# TASK GOAL:
For the data that follows, print the line with "toyota lc 100", the line with "Branch, MS 38654", and all lines between them, exactly as they stand. Omit pictures and add nothing.

Data records:

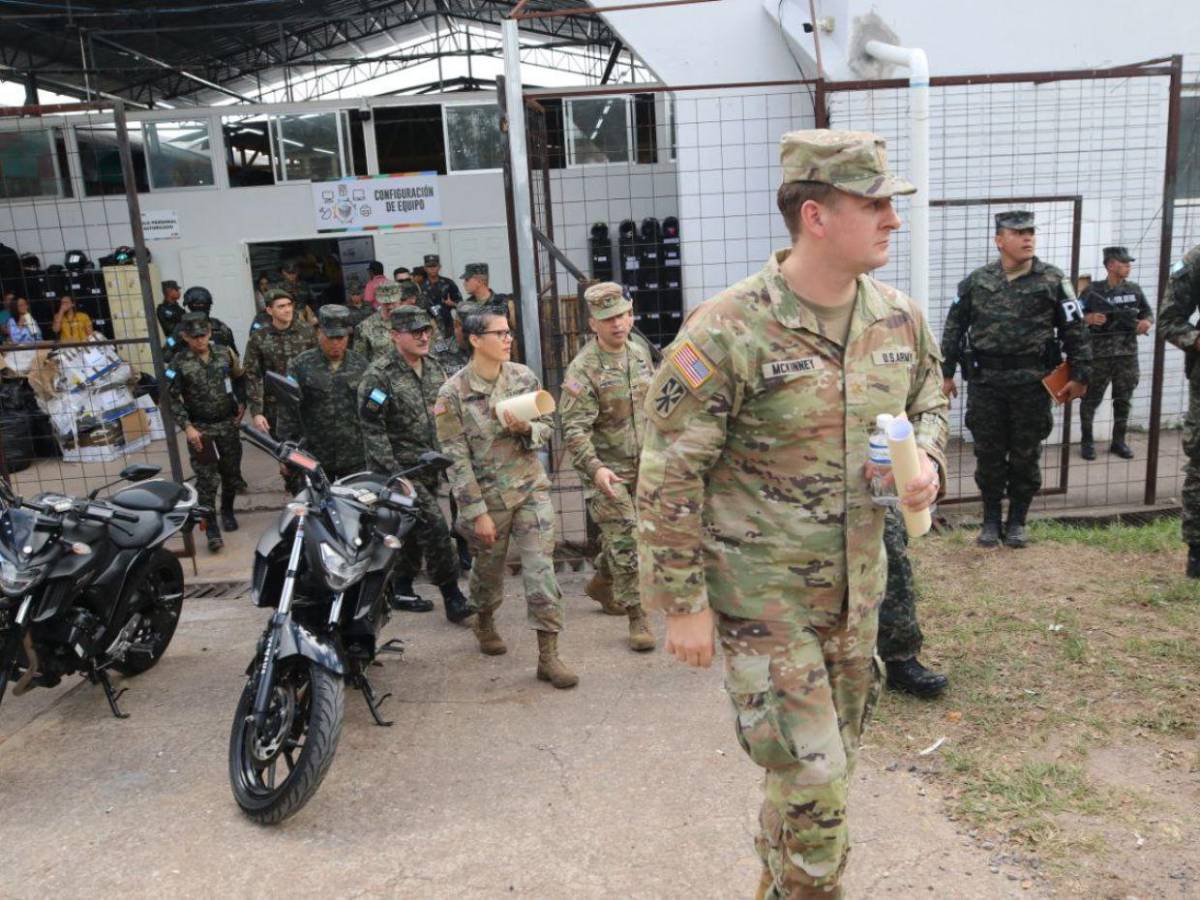 Militares de Estados Unidos y Brasil hacen recorrido por el CLE y se reúnen con Roosevelt Hernández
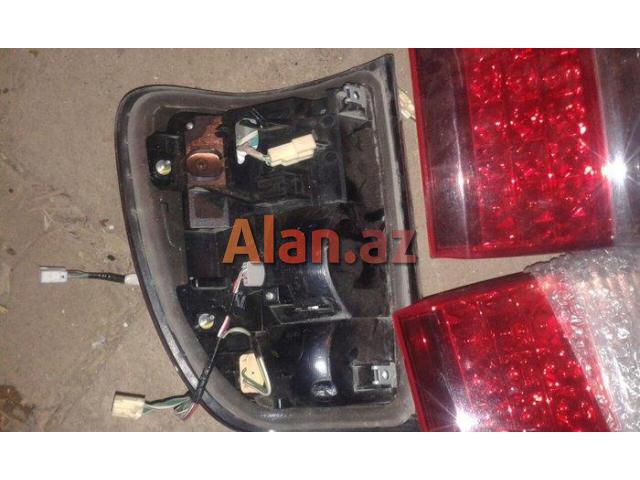 toyota lc 100 land gruser cipinin arxa stoplari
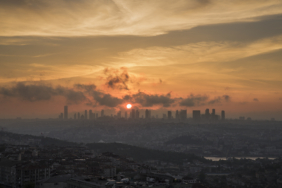 View,Of,Istanbul,During,Sunset,With,Skyscrapers,And,Over,Populated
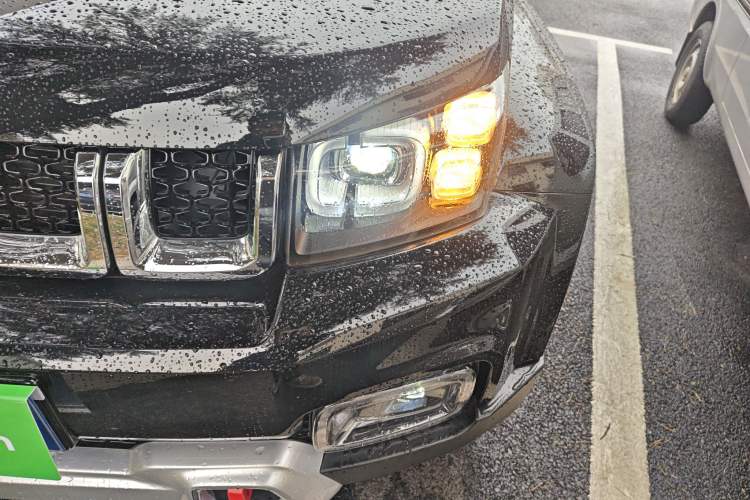 Used  BJ40 2020 2.0T Automatic Four-Wheel Drive Tribute Edition 2020 Xieke Version
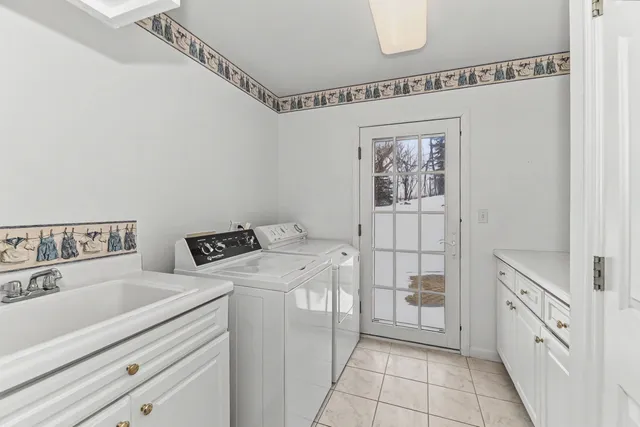 $575,000 | 22501 88th Street, Salem Lakes, WI 53168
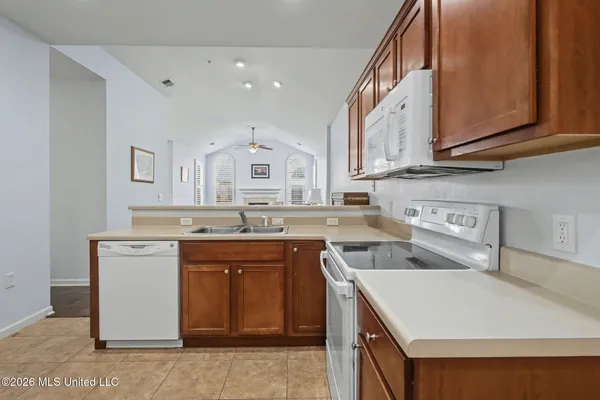 $269,900 | 8759 Parkview Oaks Circle, Olive Branch, MS 38654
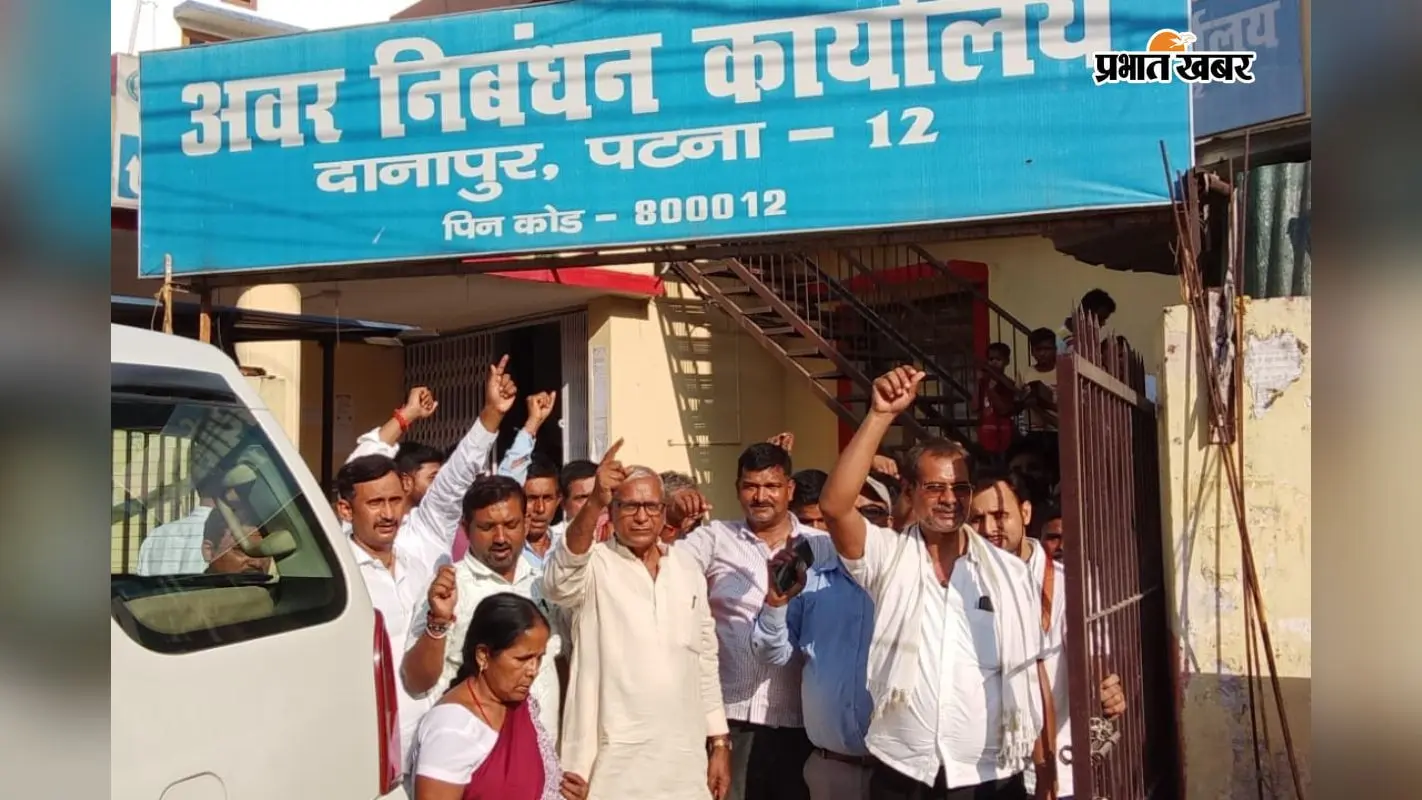 नई व्यवस्था को वापस लेने की मांग करते लोग नई व्यवस्था को वापस लेने की मांग करते लोग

# EXERCISE SOLUTION:
 toyota lc 100 land gruser cipinin arxa stoplari
 View,Of,Istanbul,During,Sunset,With,Skyscrapers,And,Over,Populated
 Used  BJ40 2020 2.0T Automatic Four-Wheel Drive Tribute Edition 2020 Xieke Version
 $575,000 | 22501 88th Street, Salem Lakes, WI 53168
 $269,900 | 8759 Parkview Oaks Circle, Olive Branch, MS 38654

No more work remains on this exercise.